Neste trecho bíblico, segundo Ricoeur, podemos ver a reflexão sobre duas lógicas, a lógica da equivalência, do discurso da justiça, e a lógica da superabundância, o discurso do amor. O que é necessário perceber é que o discurso do amor não abole o discurso da justiça, mas o reinterpreta:
[…] o mandamento de amor não abole a Regra de Ouro, mas a reinterpretação no sentido da generosidade e, assim, faz dela um canal não apenas possível mas necessário de um mandamento que, em razão do seu estatuto supraético, só alcança a esfera ética à custa de comportamentos paradoxais e extremos, os mesmo que são recomendados na esteira do novo mandamento […]Nesse sentido, o discurso ético, o da justiça, o da lógica da equivalência, não pode ser colocado de lado. Pelo contrário, tal discurso é condição de possibilidade do discurso do amor, só assim o amor consegue sua extravagância, que faz com que envolva os afetos, destacados na terceira estranheza deste discurso. Além disso, o discurso do amor tem um papel muito importante perante o discurso da justiça, um papel corretivo:
[…] nessa relação de tensão viva entre lógica de superabundância e a lógica da equivalência, esta última recebe de seu confronto com a primeira a capacidade de se elevar acima das suas interpretações perversas. De fato, sem o corretivo do mandamento de amor, a Regra de Ouro seria incessantemente puxada no sentido de uma máxima utilitária cuja fórmula do ut des, dou para que dês. A regra dá porque te deram é corrigida a fim de que da máxima utilitária se salve a Regra de Ouro de uma interpretação perversa sempre possível. É nesse sentido que podemos interpretar a presença das duras palavras de Lucas 6, 32-34, logo depois da reafirmação da Regra de Ouro em 6, 31 e logo antes da reafirmação do novo mandamento em 6, 35Sendo assim, conseguimos compreender o papel que o discurso do amor exerce sobre o discurso da justiça, que seria análogo ao papel do discurso religioso ao discurso filosófico. A conclusão do ensaio Amor e Justiça segue esta direção:
É tarefa da filosofia e da teologia discernir, sob o equilíbrio refletido que se exprime nessas formulas de compromisso, a secreta discordância entre a lógica da superabundância e a lógica de equivalência. É também sua tarefa dizer que é somente no juízo moral em situação que esse equilíbrio instável pode ser instaurado e protegido. Podemos então afirmar de boa-fé e com a consciência tranquila que o projeto para exprimir esse equilíbrio na vida cotidiana, no plano individual, jurídico, social e político, é perfeitamente praticável. Diria inclusive que a incorporação tenaz, passo a passo, de um grau suplementar de compaixão e de generosidade em todos os nossos códigos – código penal e código de justiça social – constitui uma tarefa perfeitamente razoável, embora difícil e interminável.
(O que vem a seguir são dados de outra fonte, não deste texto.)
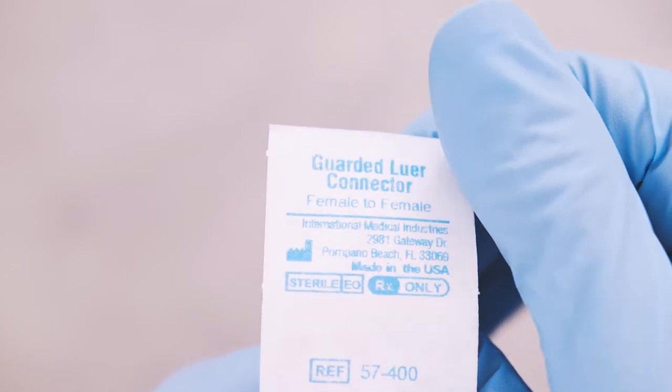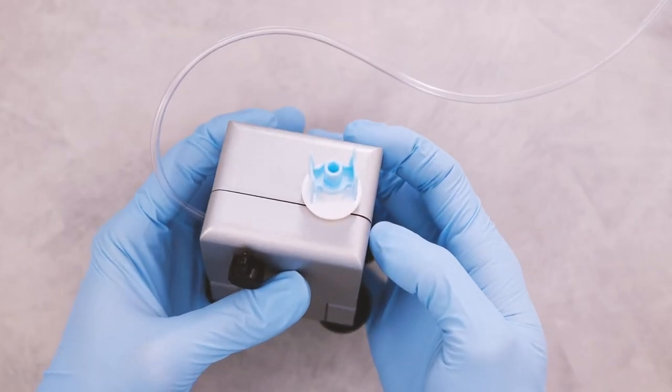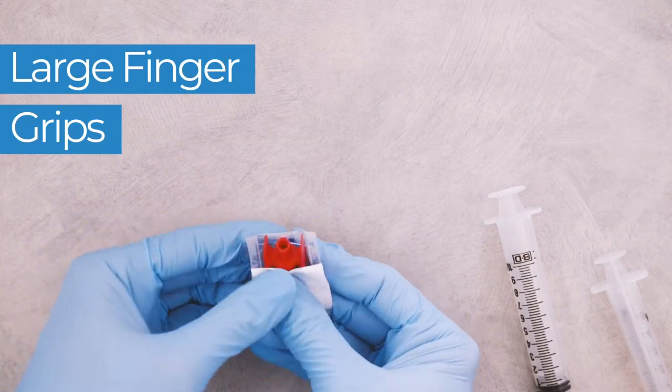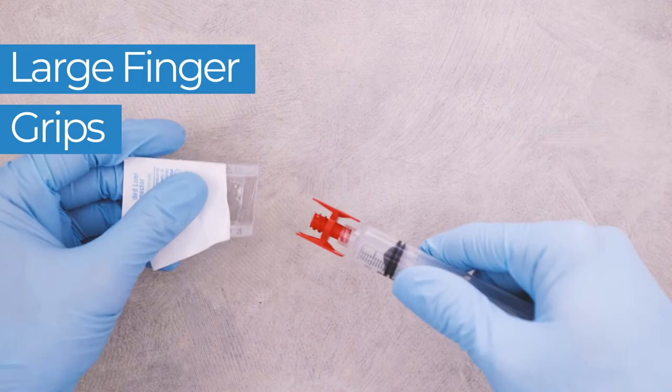Guarded Lure Connectors feature select enhancements that make them a premier choice for pharmacy operations. Large finger grips provide secure manipulation and help protect against touch contamination.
Ao final desse breve trajeto, já sabemos qual é a tarefa da filosofia da religião, que é refletir sobre a regeneração que o discurso da religião pode oferecer ao sujeito. Sabemos que o discurso filosófico e o religioso possuem problemáticas semelhantes, como a do mal, e esses discursos se encontram na ação. Sabemos a importância do discurso religioso para o discurso filosófico, qual seja, não o deixar cair na crueldade. Por fim, sabemos de outra coisa muito importante: a lógica do discurso filosófico, que é a da justiça, é condição de possibilidade para o discurso religioso.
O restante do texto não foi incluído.